O biólogo se refere ao Captopril, principal ativo de um dos anti-hipertensivos mais populares no Brasil. Outro exemplo clássico nesse contexto é o ácido salicílico, substância presente na árvore Salgueiro que foi usada no antigo Egito para aliviar febre e dores e que, séculos depois, deu origem à aspirina, nome comercial mais popular do ativo. Esse é considerado o primeiro fármaco sintetizado em laboratório, revolucionando a maneira como o desenvolvimento de medicamentos ocorria até então.
Outro caso recente ganhou as manchetes brasileiras em fevereiro desse ano: uma pesquisa nacional, realizada em conjunto pelo Instituto Butantan e a Sociedade Beneficente Israelita Brasileira Albert Einstein, resultou na descoberta de uma molécula com potencial para tratar o câncer extraída do veneno da aranha caranguejeira Vitalius wacketi, que habita o litoral do estado de São Paulo.

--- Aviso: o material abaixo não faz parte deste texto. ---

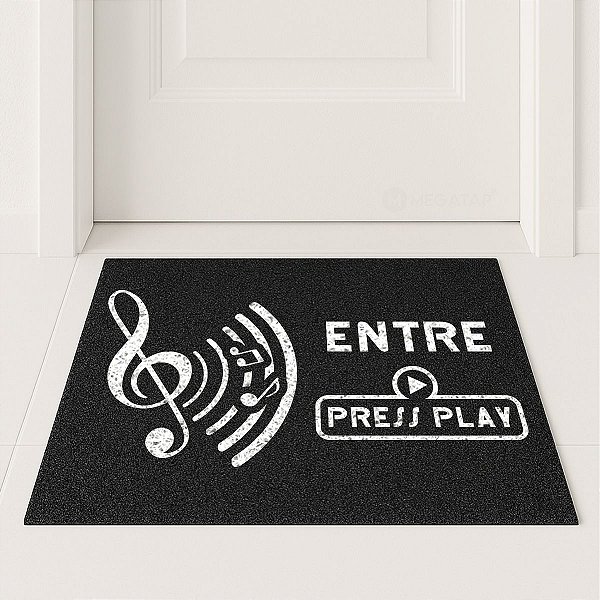 Tapete Capacho Musica Entre Press Play 60x40 Divertido Casa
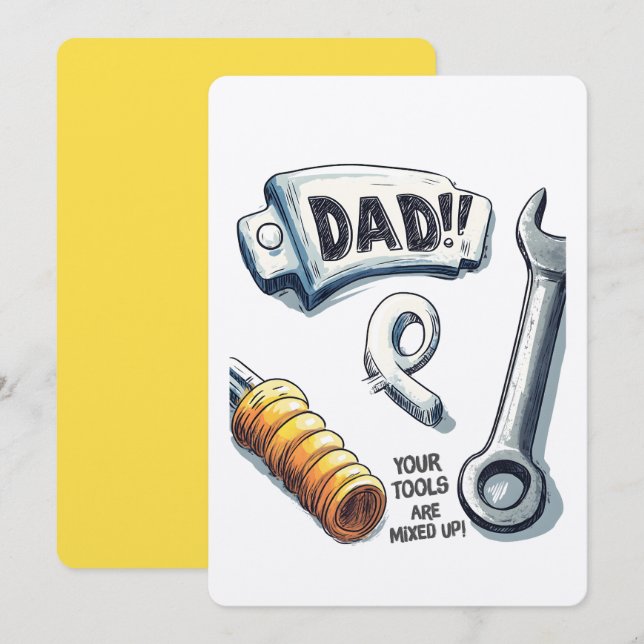 Dad, Your Tools are Mixed Up! Funny Father's Day Invitation (Front/Back)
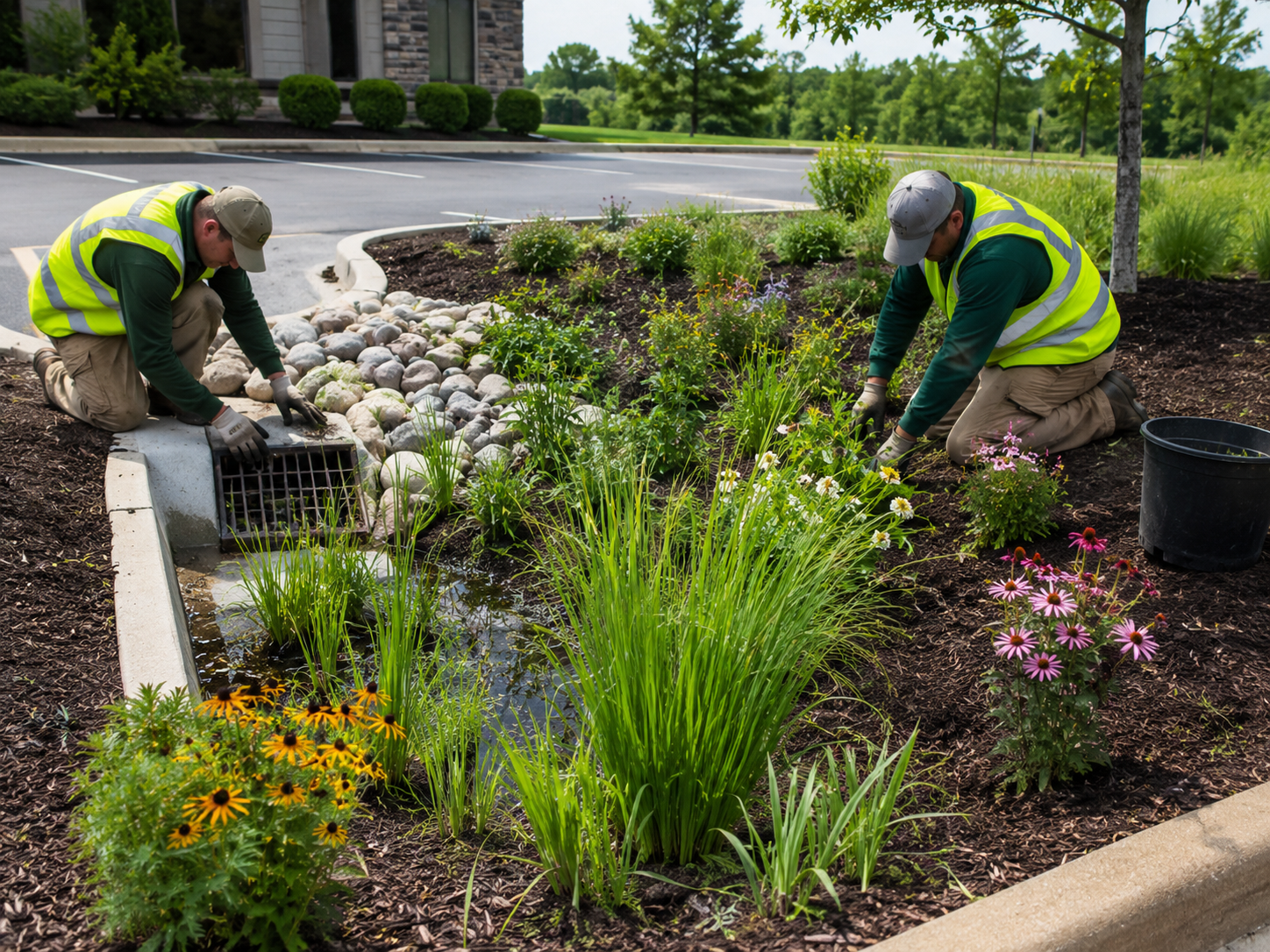 Crew in safety vests performing bioretention maintenance, clearing a curb inlet and tending native plantings at a commercial property in Northern Virginia.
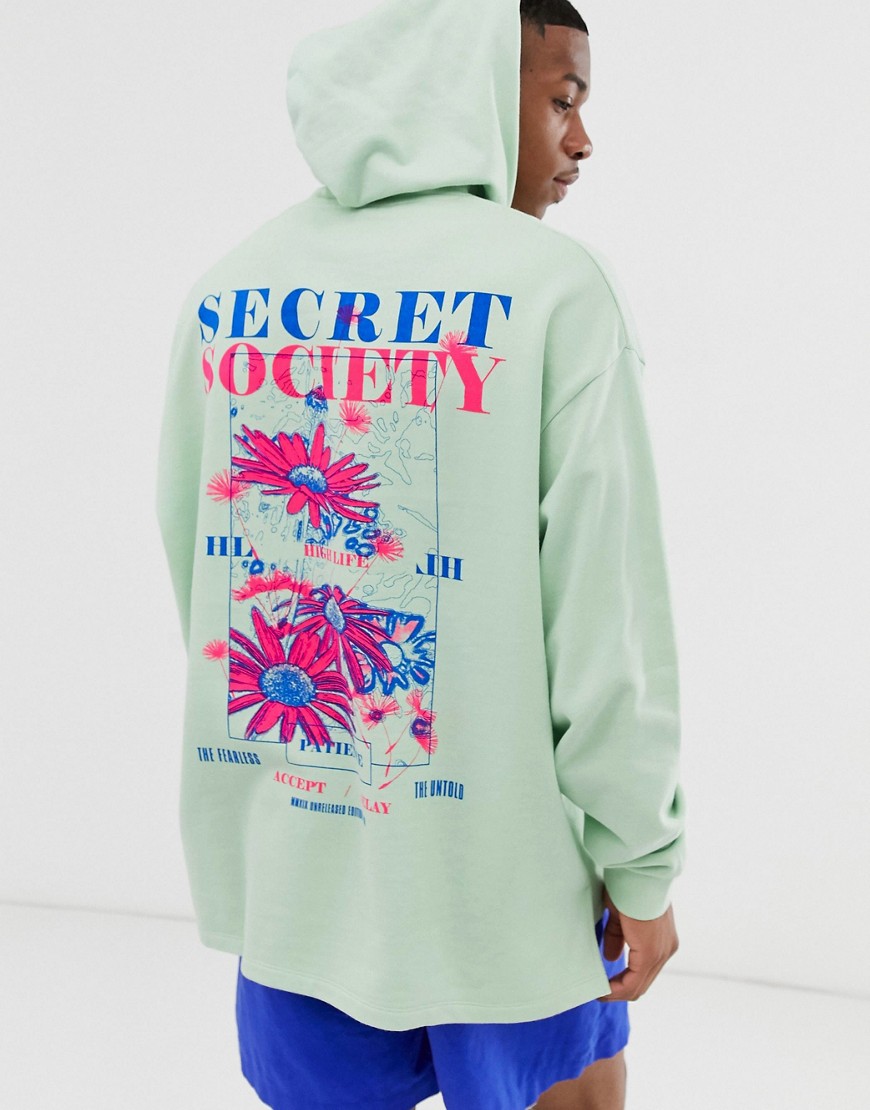ASOS DESIGN oversized hoodie with back print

Nos testes in vitro, a substância teve um resultado promissor e foi capaz de eliminar células de leucemia.
Ponto de partida para buscar a cura na natureza
Pedro Ismael da Silva Junior, pesquisador do Butantan que conduziu a pesquisa ao lado de Rocha e Silva, atua há 20 anos na sintetização de moléculas extraídas da natureza com potencial terapêutico, e teve como tema do doutorado o sistema imunológico de aracnídeos. O interesse por esses animais não veio à toa: existem registros fósseis mostrando que as aranhas e os escorpiões existem na Terra há mais de 300 milhões de anos e que sobreviveram todo esse tempo com poucas modificações biológicas. No decorrer desse período, segundo Junior, eles viveram em ambientes bastante contaminados, com muitas transformações, o que levanta a suspeita de que alguma coisa inata no organismo deles permitiu que sobrevivessem nesses ambientes.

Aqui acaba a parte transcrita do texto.